The gold-mining stocks have suffered a disastrous year, plummeting while the rest of the stock markets soared. This vast performance gap has catapulted bearishness on this sector to epic extremes. Few own gold stocks anymore, and everyone aware of them loathes them. This has crushed their stock prices to unsustainable fundamentally-absurd levels. They now offer the ultimate contrarian buying opportunity.

Legendary investor Benjamin Graham, Warren Buffett's mentor, wrote that stock markets act like a voting machine over the short term. Stock prices are largely a function of popularity. The more investors like a sector, the higher they bid its stock prices. The opposite is true as well of course, an unloved sector sinks as investors abandon it. That is what happened to gold stocks this year, investment demand evaporated.

This has left gold-stock prices radically undervalued, with the flagship HUI gold-stock index trading under 200 this month. This is an extraordinary anomaly. After first hitting 200 over a decade ago in September 2003, the HUI finally left it behind a couple years later in August 2005. Over the 8+ years since, the HUI has spent only one month under those levels. That was during 2008's brutal stock panic and this month.

When a price level is seen only 1% of the time over an 8-year span, there is no chance it is normal or rational. Such hyper-bearish anomalies always lead to massive mean-reversion bulls. In less than 3 years after that last gold-stock pricing anomaly in 2008's stock panic, the HUI more than quadrupled with a monster 319% gain! Today's pricing anomaly is far more extreme, making an even bigger recovery likely.

Occasionally investors succumb to groupthink and get way too greedy or fearful as a herd. Thus their "voting" on stock prices per Graham's model is wildly skewed. Very popular sectors see their prices driven far too high, while very unpopular sectors' stock prices plunge far too low. This disconnects stock prices from their underlying companies' true fundamental values derived from their businesses' earnings power.

Thankfully these popularity and resulting pricing anomalies are soon corrected. Graham went on to say that over the long term the stock markets act like a weighing machine. Stock prices ultimately reflect their underlying fundamentals. So in order to buy low before later selling high, investors should look for sectors that are exceptionally unpopular and thus greatly mispriced. That describes gold stocks to a tee today.

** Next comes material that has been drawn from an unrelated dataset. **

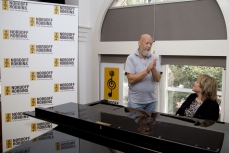 Michael Eavis attends Nordoff Robbins Theraphy Centre 6477.jpg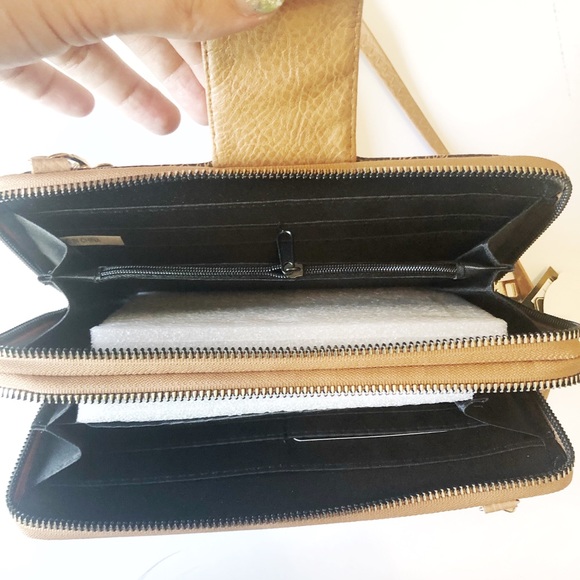 NEW BEVERLY HILLS CROSSBODY /WRISTLET WALLET PURSE - Picture 3 of 6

Gold mining is a rather unique business with one massively dominant fundamental driver of earnings power, the price of gold. When gold rises, so do the profits for mining it. And this relationship is certainly not linear. Due to the largely-fixed costs of mining any particular gold deposit, profits leverage the gains in gold. Earnings rise much faster than gold, and higher profits make gold miners fundamentally cheaper.

If you want to dig deeper into gold-mining profits, I've written about them extensively this year in the midst of this brutal gold-stock pricing anomaly. Gold-stock valuations have plunged this year to their lowest levels of their entire decade-plus secular bull, way below the general stock markets'. And many gold miners are now trading at single-digit P/Es despite low prevailing gold prices, very cheap by anyone's standards.

Since gold-stock fundamentals are so inexorably linked to gold prices, the relative valuations of gold stocks can be easily followed with a simple ratio. The HUI/Gold ratio divides gold-stock prices as measured by the flagship HUI gold-stock index by the gold price. HGR analysis shows when gold stocks are cheap or expensive relative to the metal that drives their profits. And they've almost never been cheaper!

HUI/Gold Ratio 2003-2013

This week the HGR fell to 0.157x, literally the lowest level seen since January 2001. Back then gold was languishing in the $260s late in a multi-decade secular bear. Its massive secular bull hadn't even been born yet! To realize gold stocks today are as undervalued and unpopular as they were nearly 13 years ago before gold's bull is a stunning revelation. Is it even possible for this sector to fall more out of favor?

Contrarians should be pilling into these epically-cheap gold stocks today because market sentiment is forever cyclical. Extreme fear and unpopularity is always followed by gigantic mean-reversion rallies. In the decade or so after those last similar hyper-low HUI/Gold Ratio levels, the HUI skyrocketed 1664% higher in a span where the benchmark S&P 500 general-stock index fell 14%! It pays big to buy out of favor.

Incredibly despite that gigantic gold-stock secular bull in the midst of a brutal general-stock secular bear, gold stocks lost much ground relative to gold. The HGR peaked way up near 0.64x in late 2003 and then again near 0.61x in early 2006. The latter episode, when the HUI rocketed 38% higher in just 2 months, was the last time gold stocks were truly popular. Spring 2006 is fondly remembered by gold-stock veterans.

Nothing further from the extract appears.